Wearable computing is fascinating, both for the many practical challenges designers must solve before a device is functional and convenient and for the wonderful possibilities of it all. Google Glass
is definitely currently one of the more high-profile endeavors in that regard, but Microsoft is at it, too.
Research has been developing Digits, a wrist-mounted device that lets users control devices such as smartphones, tablets, radios, and video game systems using gestures in the air. In addition to creating a 3D representation of a user’s hand on a screen, Digits can control devices when users simulate certain gestures, such as turning a knob to crank volume up or down.
The prototype still looks very much like a prototype, but amazingly it’s built from off-the-shelf parts, including an IR camera, IR laser line generator, IR diffuse illumination, and an inertial measurement unit, and and it’s worth noting that wearers don’t need any kind of data glove.
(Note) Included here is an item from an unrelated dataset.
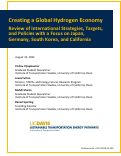 Cover page: Creating a Global Hydrogen Economy: Review of International Strategies, Targets, and Policies with a Focus on Japan, Germany, South Korea, and California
A bare hand works perfectly.
The uses for such a device are numerous and limited mostly by one’s imagination, but Microsoft offers up a few purposes in the below video. Using discrete or continuous movements, you can see that a user can use his fingers to shoot a virtual gun or engage in hand-to-hand combat in a video game; pinching, zooming, and manipulating objects on a tablet; and answering a call on a smartphone.
There could be especially power applications for those with physical limitations of various kinds, as Digits is designed to work as an input device while the arm and wrist are relaxed. Further, note right at the end of the video that Digits is used to perform sign language, so the device could be something the hearing impaired could find useful.